__EXERCISE INSTRUCTIONS__.
A verbatim transcript of the data below is required, images omitted.

__DATA EXTRACT__.
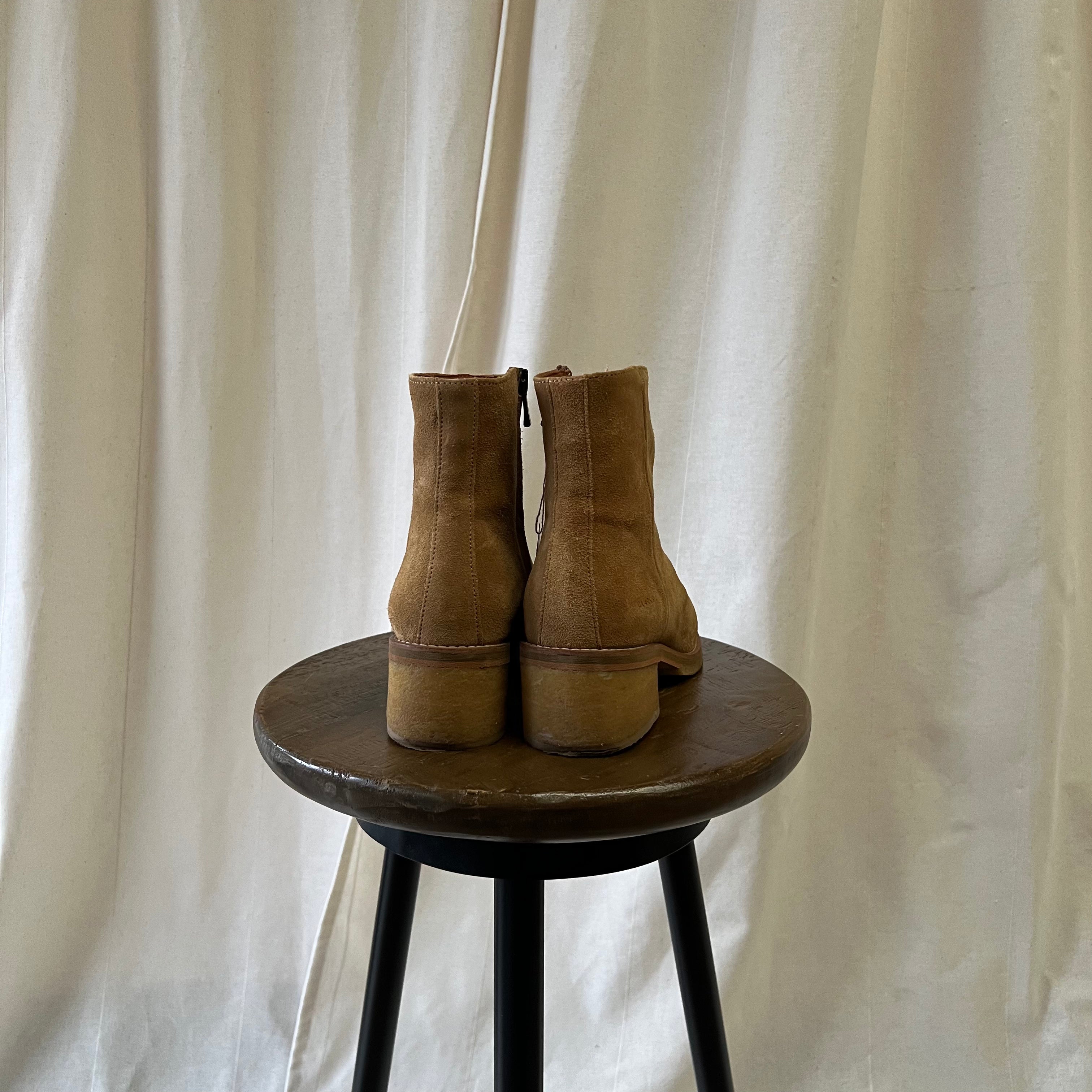 Pair of brown suede boots on a wooden stool against a white curtain background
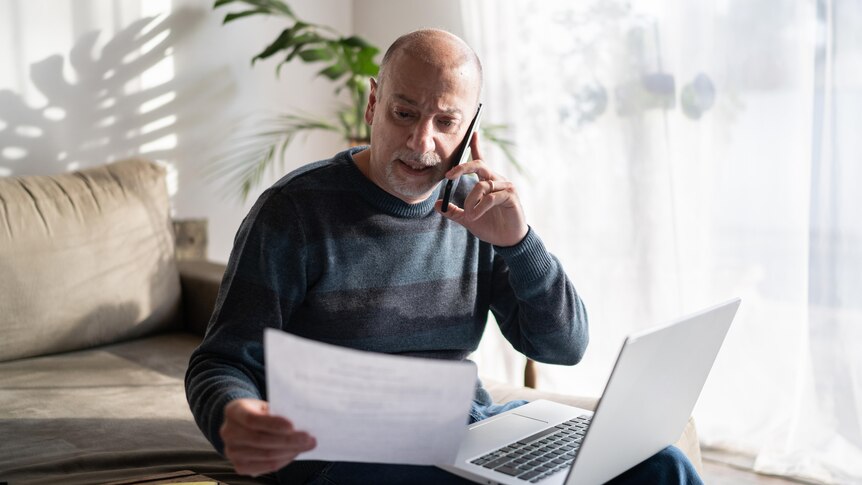 An older man talks on the phone while sitting in front of a laptop. He hold a document that he is looking at. 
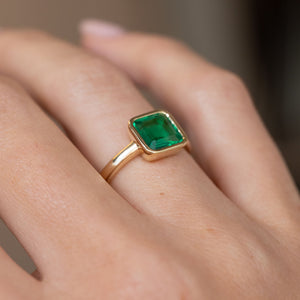 Natural side angle of the Colombian emerald engagement ring worn on the hand, revealing its clean, understated profile.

__EXERCISE SOLUTION__.
 Pair of brown suede boots on a wooden stool against a white curtain background
 An older man talks on the phone while sitting in front of a laptop. He hold a document that he is looking at. 
 Natural side angle of the Colombian emerald engagement ring worn on the hand, revealing its clean, understated profile.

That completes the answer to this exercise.